This shows the entire IDE interactive interface, and how to handle this;

0. New user registration (you can choose not to set clear text default key is 123456)
-------------------------------Mode Choice-------------------------------------
Store&encrypt-1 login&view&update&delete-2 Quit System-3 Clear Database-4
Select mode:1
-------------------------------Store&encrypt-------------------------------
New USER:K3
Set PASSWORD:K3
-------------------------------Password Encrypt Algorithm-------------------------------------
Md5-1 Sha1-2
Select algorithm:1
1. To set key and plaintext encryption
-------------------------------What ' s Next?-------------------------------------
Store Encrypt Plaintext-1 Maybe Next Time-2
Your choice:1
Please design Your key:k4
Plaintext:k4 ' Secret
#############################################
#SHA1-password&plaintext Encryption succeed!#
#############################################
The following is the default key and clear text setting, select 2 to
-------------------------------What ' s Next?-------------------------------------
Store Encrypt Plaintext-1 Maybe Next Time-2
Your Choice:2
Default KEY ' 123456 '
Default plaintext ' default Storage '
############################################
#MD5-password&plaintext Encryption succeed!#
############################################
2. View encrypted plaintext
(In the No. 0 step, if you do not set the key yourself, there will be a default value for storage)

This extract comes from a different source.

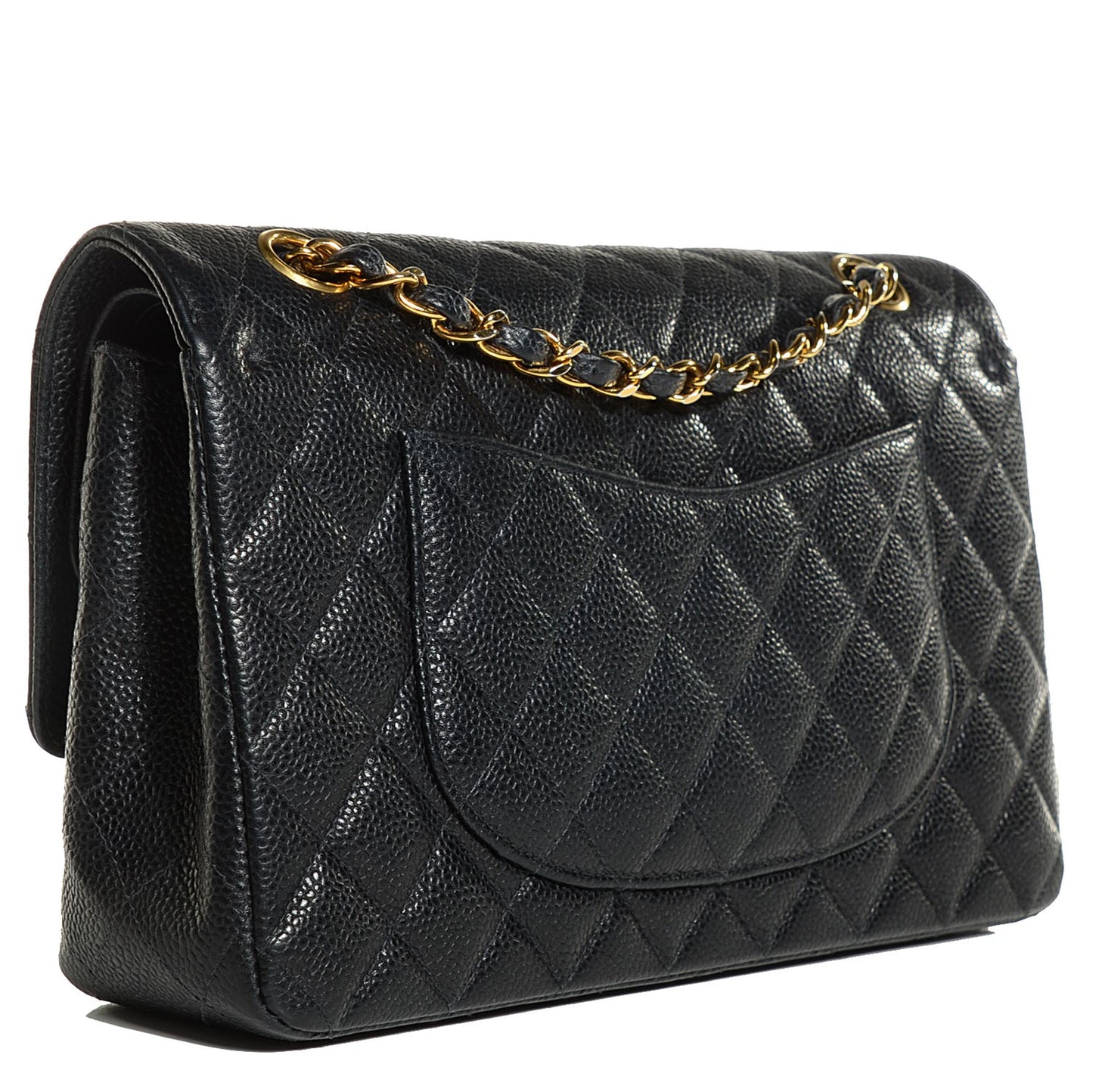 Caviar Quilted Medium Double Flap Black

The following is set for yourself key and clear text (when not set, then key is 123456), view plaintext
-------------------------------K4:what ' s Next?-------------------------------
Update Plaintext-1 View Plaintext-2 update Password-3 update KEY-4 Log out-5 Delete User-6
Your Choice:2
Key:k4
-------------------------------Validation succeed!-------------------------------
Secret Words:k4 ' Secret
Please use your own test in more detail. The code is consistent with the above flowchart.

3. Meet the name of the new user, the solution, modify the password or replace the new names
-------------------------------Mode Choice-------------------------------------
Store&encrypt-1 login&view&update&delete-2 Quit System-3 Clear Database-4
Select mode:1
-------------------------------Store&encrypt-------------------------------
New USER:K1
warning! The Name already exist!
-------------------------------make Your Choice-------------------------------------
Change Password-1 Create New User-2
Select Mode:2
New USER:K2
Set PASSWORD:K3
4. Update login password selection, need to have a previous password, in order to modify
-------------------------------Welcome K1-------------------------------
-------------------------------K1:what ' s Next?-------------------------------
Update Plaintext-1 View Plaintext-2 update Password-3 update KEY-4 Log out-5 Delete User-6
Your Choice:3
Please Enter Original password:k1
Please Enter New password:k2
##########################
#Update Password succeed!#
##########################
5. Update key value
-------------------------------Welcome K1-------------------------------
-------------------------------K1:what ' s Next?-------------------------------
Update Plaintext-1 View Plaintext-2 update Password-3 update KEY-4 Log out-5 Delete User-6
Your Choice:4
Please Enter Original key:k1
Please Enter New key:k2
-------------------------------Validation succeed!-------------------------------
#####################
#Update KEY succeed!#
#####################
6. Update clear Text
-------------------------------K4:what ' s Next?-------------------------------
Update Plaintext-1 View Plaintext-2 update Password-3 update KEY-4 Log out-5 Delete User-6
Your choice:1
Key:k4
-------------------------------Validation succeed!-------------------------------
Original Plaintext:k4 ' secret
New Plaintext:k4 ' s Secret2
###########################
#Update plaintext succeed!#
###########################
Problems encountered and solutions

1.MD5/SHA1 the error caused by different types of encrypted storage.
1. Solution, more try/except use throw errors, positioning errors, commonly used output statements and expected between the error, such as the following, MD5 encryption for the tuple form, and SHA1 for STR type
Import Hashlib

#MD5和SHA1加密算法
def MD5 (STR1):
md = HASHLIB.MD5 ()
Md.update (STR1)
Md_5=md.hexdigest ()
Return Md_5,

def SHA1 (STR1):
SH = HASHLIB.SHA1 ()
Sh.update (STR1)
Sha_1 = Sh.hexdigest ()
Return sha_1

Print MD5 ("123")
Print type (MD5 ("123"))
Print SHA1 ("123")
Print type (SHA1 ("123"))
After running
(' 202cb962ac59075b964b07152d234b70 ',)
<type ' tuple ' >
40bd001563085fc35165329ea1ff5c5ecbdbbeef
<type ' str ' >
Know the appearance of the form, the right remedy on it!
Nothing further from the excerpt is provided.